**WHAT THE TASK ASKS**
Retype, exactly and with both ends included, the lines below from the one containing "The Fet A76" through the end; omit the pictures.

**DATA FOR THIS EXERCISE**

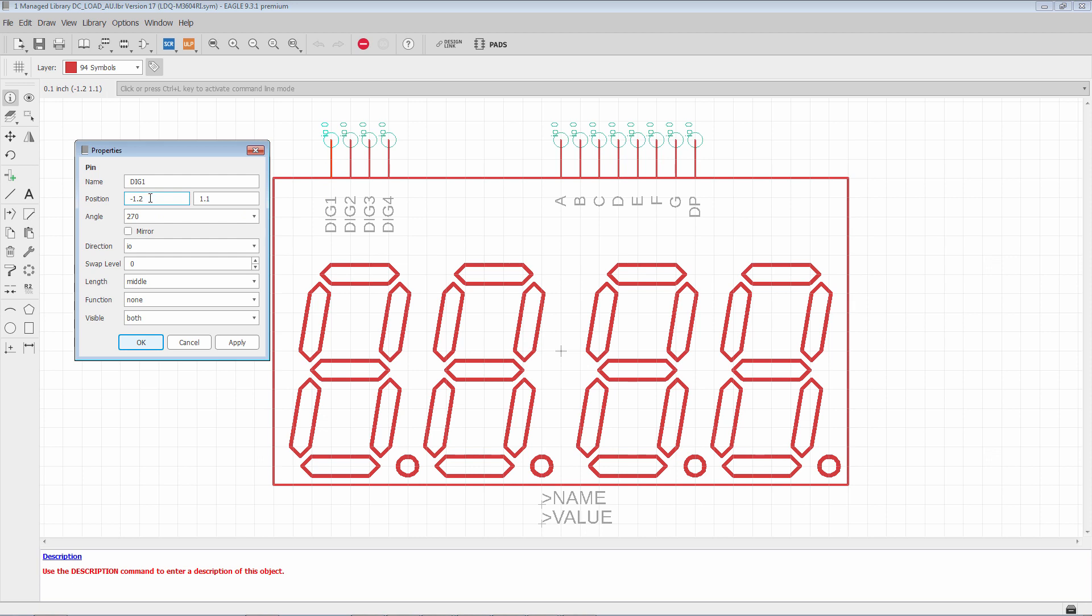Position is the first field is the x coordinate. Second field is the y coordinate. The angle is the rotation of the pin in Eagle. We measure rotation if you can imagine the face of a clock. Zero degrees is at three o'clock. And then we increase going counter clockwise from there.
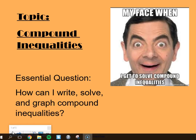Today, our topic is compound inequality. Our essential question is: how can I write, solve, and graph compound inequalities?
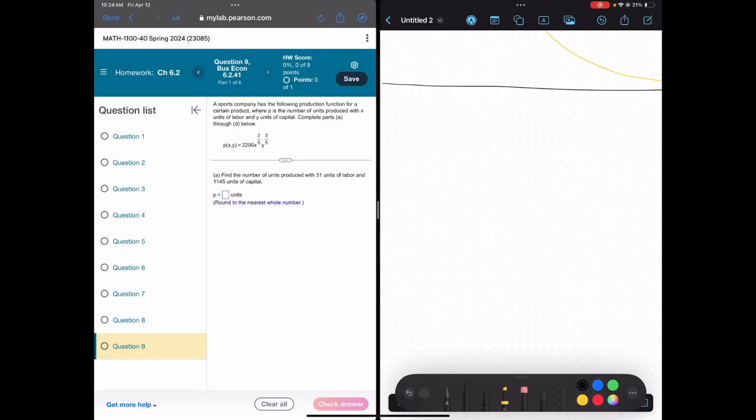Let's take a look at an applied problem from your homework — the very last question, question number 9. We have a sports company that produces a certain product, but the amount they can produce depends on two different things: how many units of labor they have (think how many workers in their factory), as well as how many units of capital — how much money they're putting towards the production process. Those are your two variables: x is labor, y is capital.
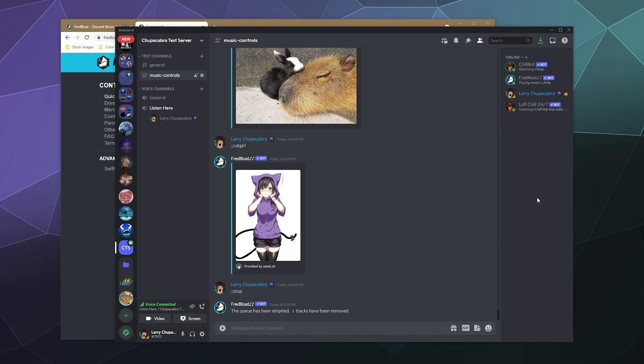So that'd be it for this one, ladies and gentlemen, I've been your host, Larry. This has been a look at Fredboat and I'll catch you next time. Bye, everybody, and have a good one.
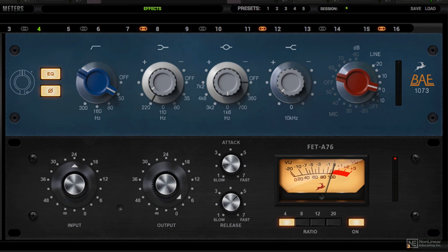The Fet A76 is based on this model. And this has been used on countless records since the 60s. Anything from Led Zeppelin drums to Justin Timberlake vocals. It's extremely versatile, trust me.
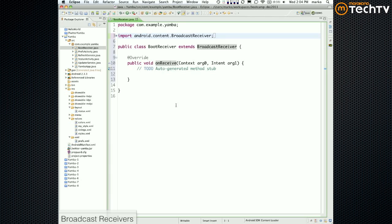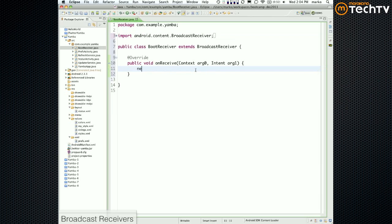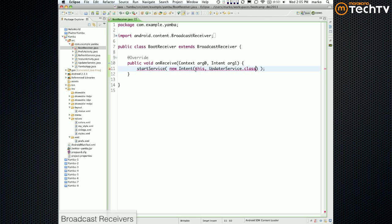This is now our template for the broadcast receiver. In the onReceive method — the one that wakes up once the system finishes booting — we want to start a service. We use startService with a new Intent, passing in something like UpdaterService.class.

**RESULT**
The Fet A76 is based on this model. And this has been used on countless records since the 60s. Anything from Led Zeppelin drums to Justin Timberlake vocals. It's extremely versatile, trust me.
This is now our template for the broadcast receiver. In the onReceive method — the one that wakes up once the system finishes booting — we want to start a service. We use startService with a new Intent, passing in something like UpdaterService.class.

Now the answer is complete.